(RECORDS FOR THIS EXERCISE Opens)

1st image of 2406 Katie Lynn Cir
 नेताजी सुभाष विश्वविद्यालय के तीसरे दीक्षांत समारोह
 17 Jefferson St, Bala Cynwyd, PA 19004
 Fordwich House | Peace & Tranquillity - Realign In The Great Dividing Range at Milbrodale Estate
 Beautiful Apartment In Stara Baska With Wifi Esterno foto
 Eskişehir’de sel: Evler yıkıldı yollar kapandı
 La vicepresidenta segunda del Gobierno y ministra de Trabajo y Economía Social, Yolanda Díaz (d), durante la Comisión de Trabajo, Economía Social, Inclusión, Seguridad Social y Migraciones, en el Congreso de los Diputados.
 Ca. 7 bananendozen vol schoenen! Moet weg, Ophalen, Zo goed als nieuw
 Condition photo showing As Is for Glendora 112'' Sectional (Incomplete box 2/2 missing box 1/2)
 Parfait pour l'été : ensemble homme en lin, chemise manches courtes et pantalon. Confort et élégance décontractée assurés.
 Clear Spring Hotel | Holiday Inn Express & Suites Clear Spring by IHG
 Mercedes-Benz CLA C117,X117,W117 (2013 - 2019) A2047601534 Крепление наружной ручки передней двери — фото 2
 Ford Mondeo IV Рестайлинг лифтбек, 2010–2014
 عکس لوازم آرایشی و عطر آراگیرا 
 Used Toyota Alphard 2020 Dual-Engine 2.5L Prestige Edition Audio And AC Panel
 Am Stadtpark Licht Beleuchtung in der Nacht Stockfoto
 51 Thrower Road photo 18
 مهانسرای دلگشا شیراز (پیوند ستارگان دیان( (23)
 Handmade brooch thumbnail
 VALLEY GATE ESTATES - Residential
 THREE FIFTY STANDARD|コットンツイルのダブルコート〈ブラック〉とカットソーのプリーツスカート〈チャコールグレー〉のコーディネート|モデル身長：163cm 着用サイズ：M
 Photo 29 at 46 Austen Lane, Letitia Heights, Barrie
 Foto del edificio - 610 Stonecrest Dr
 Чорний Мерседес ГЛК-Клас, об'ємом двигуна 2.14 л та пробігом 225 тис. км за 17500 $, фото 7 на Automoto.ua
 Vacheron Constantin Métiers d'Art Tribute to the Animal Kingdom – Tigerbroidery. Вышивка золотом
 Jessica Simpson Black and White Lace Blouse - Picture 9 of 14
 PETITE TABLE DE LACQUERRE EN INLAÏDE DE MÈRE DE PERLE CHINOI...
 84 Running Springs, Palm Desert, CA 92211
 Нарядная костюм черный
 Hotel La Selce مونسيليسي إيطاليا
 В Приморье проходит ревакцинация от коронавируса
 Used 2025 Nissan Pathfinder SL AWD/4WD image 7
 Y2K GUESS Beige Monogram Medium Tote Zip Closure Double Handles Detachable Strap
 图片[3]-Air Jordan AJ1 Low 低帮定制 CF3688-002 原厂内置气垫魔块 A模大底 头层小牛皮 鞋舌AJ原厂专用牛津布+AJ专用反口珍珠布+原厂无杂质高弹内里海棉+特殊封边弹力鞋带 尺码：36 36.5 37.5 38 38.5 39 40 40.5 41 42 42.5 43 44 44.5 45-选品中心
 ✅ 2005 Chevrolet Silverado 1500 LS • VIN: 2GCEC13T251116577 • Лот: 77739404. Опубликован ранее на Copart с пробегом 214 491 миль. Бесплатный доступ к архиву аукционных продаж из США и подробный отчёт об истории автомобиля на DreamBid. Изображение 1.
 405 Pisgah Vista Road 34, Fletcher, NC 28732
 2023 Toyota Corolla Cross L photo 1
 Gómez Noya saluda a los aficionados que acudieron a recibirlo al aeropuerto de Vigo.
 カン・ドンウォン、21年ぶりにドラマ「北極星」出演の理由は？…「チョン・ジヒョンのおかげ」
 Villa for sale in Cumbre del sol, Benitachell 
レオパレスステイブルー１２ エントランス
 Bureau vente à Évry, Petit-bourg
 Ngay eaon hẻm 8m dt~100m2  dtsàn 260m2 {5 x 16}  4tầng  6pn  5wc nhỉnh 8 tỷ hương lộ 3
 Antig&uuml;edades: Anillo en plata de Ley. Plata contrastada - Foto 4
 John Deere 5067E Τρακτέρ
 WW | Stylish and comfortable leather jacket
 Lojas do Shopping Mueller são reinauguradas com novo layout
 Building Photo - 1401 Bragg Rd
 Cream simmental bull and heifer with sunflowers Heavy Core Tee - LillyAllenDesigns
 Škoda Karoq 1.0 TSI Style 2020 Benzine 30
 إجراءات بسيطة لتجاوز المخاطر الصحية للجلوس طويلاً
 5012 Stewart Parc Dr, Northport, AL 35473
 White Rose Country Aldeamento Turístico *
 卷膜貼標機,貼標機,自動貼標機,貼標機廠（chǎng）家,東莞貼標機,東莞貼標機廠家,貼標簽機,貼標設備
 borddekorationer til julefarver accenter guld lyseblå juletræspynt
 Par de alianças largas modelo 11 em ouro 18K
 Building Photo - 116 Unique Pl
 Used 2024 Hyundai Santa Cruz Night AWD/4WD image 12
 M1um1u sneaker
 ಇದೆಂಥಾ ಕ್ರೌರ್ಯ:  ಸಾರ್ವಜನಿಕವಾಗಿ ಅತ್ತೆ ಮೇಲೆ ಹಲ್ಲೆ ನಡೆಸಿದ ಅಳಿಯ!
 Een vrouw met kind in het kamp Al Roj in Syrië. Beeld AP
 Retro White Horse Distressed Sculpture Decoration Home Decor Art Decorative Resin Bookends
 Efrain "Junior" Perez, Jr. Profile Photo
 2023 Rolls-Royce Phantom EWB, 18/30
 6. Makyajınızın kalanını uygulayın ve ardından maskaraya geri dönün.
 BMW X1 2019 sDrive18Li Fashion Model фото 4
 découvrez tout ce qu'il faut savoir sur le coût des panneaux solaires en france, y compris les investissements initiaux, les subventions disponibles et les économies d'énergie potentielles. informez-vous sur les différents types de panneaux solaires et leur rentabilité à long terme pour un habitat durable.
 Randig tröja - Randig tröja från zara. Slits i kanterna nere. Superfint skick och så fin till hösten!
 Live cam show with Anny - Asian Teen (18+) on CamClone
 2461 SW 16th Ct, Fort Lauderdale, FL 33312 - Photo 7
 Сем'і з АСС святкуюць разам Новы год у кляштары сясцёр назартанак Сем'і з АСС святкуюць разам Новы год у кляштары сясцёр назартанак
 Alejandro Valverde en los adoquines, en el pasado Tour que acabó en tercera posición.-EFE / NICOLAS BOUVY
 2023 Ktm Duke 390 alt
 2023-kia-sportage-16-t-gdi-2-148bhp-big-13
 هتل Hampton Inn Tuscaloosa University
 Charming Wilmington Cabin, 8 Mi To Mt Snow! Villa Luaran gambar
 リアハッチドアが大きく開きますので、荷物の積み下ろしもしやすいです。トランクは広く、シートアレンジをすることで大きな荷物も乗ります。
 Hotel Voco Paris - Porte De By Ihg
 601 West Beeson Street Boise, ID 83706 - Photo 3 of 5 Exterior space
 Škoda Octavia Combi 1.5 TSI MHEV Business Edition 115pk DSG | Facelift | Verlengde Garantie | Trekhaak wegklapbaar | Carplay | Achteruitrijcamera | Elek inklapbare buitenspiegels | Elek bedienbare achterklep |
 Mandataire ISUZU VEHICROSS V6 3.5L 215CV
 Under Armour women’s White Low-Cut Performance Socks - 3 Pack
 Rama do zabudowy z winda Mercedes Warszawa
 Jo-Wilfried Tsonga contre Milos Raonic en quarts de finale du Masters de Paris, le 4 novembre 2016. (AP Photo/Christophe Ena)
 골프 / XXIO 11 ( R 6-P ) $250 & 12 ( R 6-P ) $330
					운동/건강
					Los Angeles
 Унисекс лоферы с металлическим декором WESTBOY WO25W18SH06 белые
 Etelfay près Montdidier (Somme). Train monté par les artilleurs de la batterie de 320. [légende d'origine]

(RECORDS FOR THIS EXERCISE Closes)

* **TASK DETAILS**
Above are the records. Print exactly, and only, the lines from the line with "Am Stadtpark Licht" to the line with "Y2K GUESS Beige", both inclusive.

* **WRITTEN RESPONSE**
 Am Stadtpark Licht Beleuchtung in der Nacht Stockfoto
 51 Thrower Road photo 18
 مهانسرای دلگشا شیراز (پیوند ستارگان دیان( (23)
 Handmade brooch thumbnail
 VALLEY GATE ESTATES - Residential
 THREE FIFTY STANDARD|コットンツイルのダブルコート〈ブラック〉とカットソーのプリーツスカート〈チャコールグレー〉のコーディネート|モデル身長：163cm 着用サイズ：M
 Photo 29 at 46 Austen Lane, Letitia Heights, Barrie
 Foto del edificio - 610 Stonecrest Dr
 Чорний Мерседес ГЛК-Клас, об'ємом двигуна 2.14 л та пробігом 225 тис. км за 17500 $, фото 7 на Automoto.ua
 Vacheron Constantin Métiers d'Art Tribute to the Animal Kingdom – Tigerbroidery. Вышивка золотом
 Jessica Simpson Black and White Lace Blouse - Picture 9 of 14
 PETITE TABLE DE LACQUERRE EN INLAÏDE DE MÈRE DE PERLE CHINOI...
 84 Running Springs, Palm Desert, CA 92211
 Нарядная костюм черный
 Hotel La Selce مونسيليسي إيطاليا
 В Приморье проходит ревакцинация от коронавируса
 Used 2025 Nissan Pathfinder SL AWD/4WD image 7
 Y2K GUESS Beige Monogram Medium Tote Zip Closure Double Handles Detachable Strap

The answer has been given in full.